── RECORDS SHOWN ──

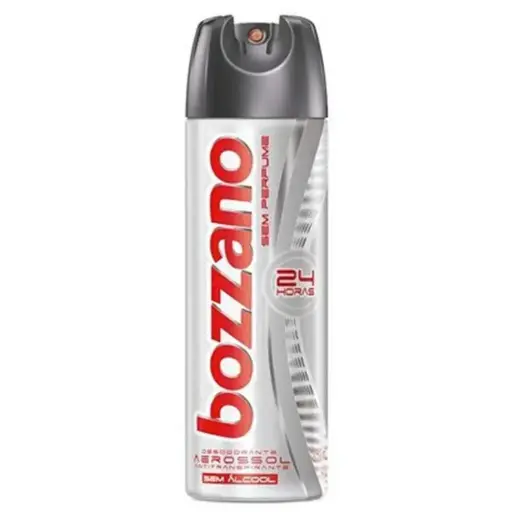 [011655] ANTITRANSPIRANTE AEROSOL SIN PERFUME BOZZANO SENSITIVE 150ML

───
── RECORDS SHOWN ──

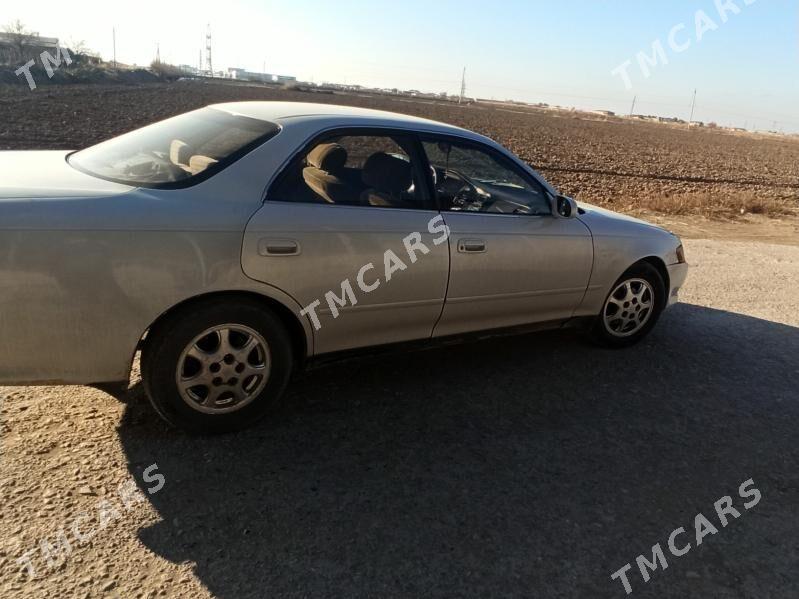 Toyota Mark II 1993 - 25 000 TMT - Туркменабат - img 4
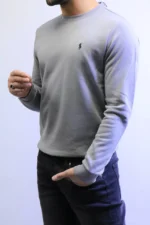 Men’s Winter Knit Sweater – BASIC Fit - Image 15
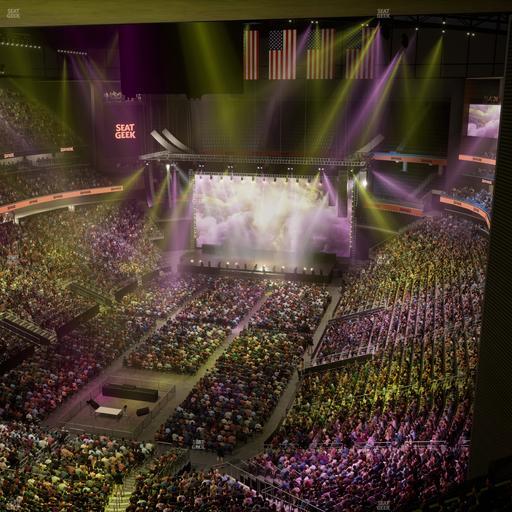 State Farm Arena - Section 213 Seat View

───

(DIRECTIONS):
Out of the records above, set down only the lines from the one that contains "Men’s Winter Knit" through the one that contains "State Farm Arena - Section 213 Seat View", unchanged and without the pictures.

(EXERCISE ANSWER):
 Men’s Winter Knit Sweater – BASIC Fit - Image 15
 State Farm Arena - Section 213 Seat View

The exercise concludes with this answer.